PHPOffice / PHPWord

A pure PHP library for reading and writing word processing documents
https://phpoffice.github.io/PHPWord/
Other
7.27k stars 2.7k forks source link

Reading table content from docx gives half or previous text #2050

Open sotirelisc opened 3 years ago

sotirelisc commented 3 years ago

I'm using the following code to read the content of a table in a docx file, but some columns return half text or text that was previously there. Tracking changes is off by default.

$phpWord = IOFactory::createReader('Word2007')->load($file);

$index = 0;
$rows = [];

$sections = $phpWord->getSections();

foreach ($sections[0]->getElements() as $el) {
    if ($el instanceof PhpOffice\PhpWord\Element\Table) {
        foreach ($el->getRows() as $row) {
            $columns = [];
            foreach ($row->getCells() as $cell) {
                foreach ($cell->getElements() as $cEl) {
                    if ($cEl instanceof PhpOffice\PhpWord\Element\Text) {
                        $columns[] = $cEl->getText();
                    } else if ($cEl instanceof PhpOffice\PhpWord\Element\TextRun) {
                        if (count($cEl->getElements())>0 and $cEl->getElements()[0] instanceof PhpOffice\PhpWord\Element\Text) {
                            $columns[] = $cEl->getElements()[0]->getText();
                        }
                    } else {
                        $columns[] = "";
                    }
                }
            }

            $rows[] = $columns;

            $index++;
        }
    }
}

Is there a better way to read the table or is this an issue with the lib?

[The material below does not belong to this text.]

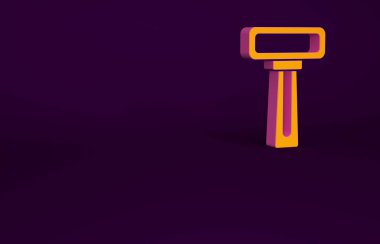 Mor arkaplanda turuncu tıraş jileti simgesi var. Minimalizm kavramı. 3d illüstrasyon 3B canlandırma.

melino commented 8 months ago

I have the same issue. Looking at the docx, the cell contains the text "5.507,63". When I unpack the docx and look at the document.xml, I see that it's actually

<w:r><w:rPr><w:rFonts w:ascii="Arial"/><w:b/><w:sz w:val="20"/></w:rPr><w:t>5.</w:t></w:r><w:r w:rsidR="00114EBE"><w:rPr><w:rFonts w:ascii="Arial"/><w:b/><w:sz w:val="20"/></w:rPr><w:t>507,63</w:t></w:r>

I don't know how this happened in the creation of the docx, but in my case it's obviously not a issue of PHPWord. Maybe Word interpreted the dot as "end of sentence" and put some "dirt" after it and before the 507,63.

Progi1984 commented 3 months ago

@sotirelisc Hi have you got a sample file, please ?